Pam and David Howell graciously opened their home, Historic Adventure Hill, for the 2009 Chester Garden Club Standard Flower Show and House Tour. Adventure Hill is one of two early houses in Chesterfield built on an original T-plan. With only a few updates made by a hand-full of owners, the 200-plus year-old home remains an original. Adventure Hill will be open for tours again along with several additional historic sites during Historic Winterpock Day , Saturday, April 12, sponsored by the Chesterfield Historical Society of Virginia (CHSV).
CHSV is sponsoring this tour to raise monies for the preservation of Magnolia Grange House Museum. The tour will include homes, a school, churches and cemeteries in one of Chesterfield County’s oldest communities. Along with Adventure Hill, c 1847, Physic Hill, c 1815, a Federal period home built by a physician whose office was on the property will be open, as well as Magnolia Grange, c 1822; Clover Hill Plantation, c 1834; Buzzard’s Roost, c 1870; Beach Station, c 1890; Pleasant View School, c 1930; several churches and cemeteries; and Giff’s Store, c 1029.
The 17th century French Hugenot home, Adventure Hill, is situated on nearly 70 acres of its original 500 acres on Winterpock Road. The grounds are mature from their plantings by Watkins Nurseries in the 1920s which are graced with large Magnolias and formalized with boxwoods in the circular driveway and along garden paths from the main house. The grounds include a 100-year-old log cabin, the original smokehouse and a barn which includes a fireplace and tack room.

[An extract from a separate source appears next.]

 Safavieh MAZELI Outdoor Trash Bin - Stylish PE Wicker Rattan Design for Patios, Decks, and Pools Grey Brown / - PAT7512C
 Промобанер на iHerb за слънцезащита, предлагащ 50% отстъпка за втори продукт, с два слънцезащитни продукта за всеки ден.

The home had been sitting vacant for 11 years before the Howell’s purchased it in 1997 and moving in during the Spring of 1999. Everything remains intact with only modernization of a new kitchen that filled the space of an original cover porch converted to a bedroom in the 50s, a sitting room that took the space of the opposing covered porch, and a bath made to fit in the existing space off the master bedroom. A second floor bath, added in the 50s, was refurbished by the Howells with its original fixtures. Central Air was also part of the update in 1997.

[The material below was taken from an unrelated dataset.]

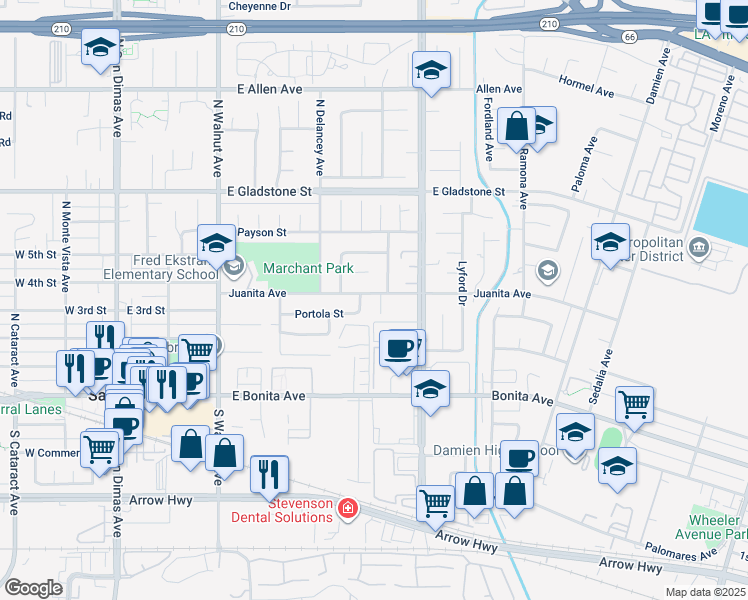 map of restaurants, bars, coffee shops, grocery stores, and more near 600 East Juanita Avenue in San Dimas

The five original doors have all of their original hardware – two at the front, one for the women and one for the men of the house; one from the dining room that led to the cook house; and the two on opposing sides that led to the covered porches.
The 12- to 14-inch heart pine floors are a testament to its occupants over the years with the beauty of the wood brought to life by the Howells.
There are two stairways to the second floor, one used by the girls of the household and one in the rear for the boys; both are the original construction. An opening on the second floor was created from the original plan to join the two sides together of the “T.”
Pam Howell feels the house is haunted, which has been confirmed by her daughter who has actually seen the “little girl” and a woman they have named “Sara” in the room that was her bedroom. Howell says she never feels alone in her home, and has said that it is a good feeling.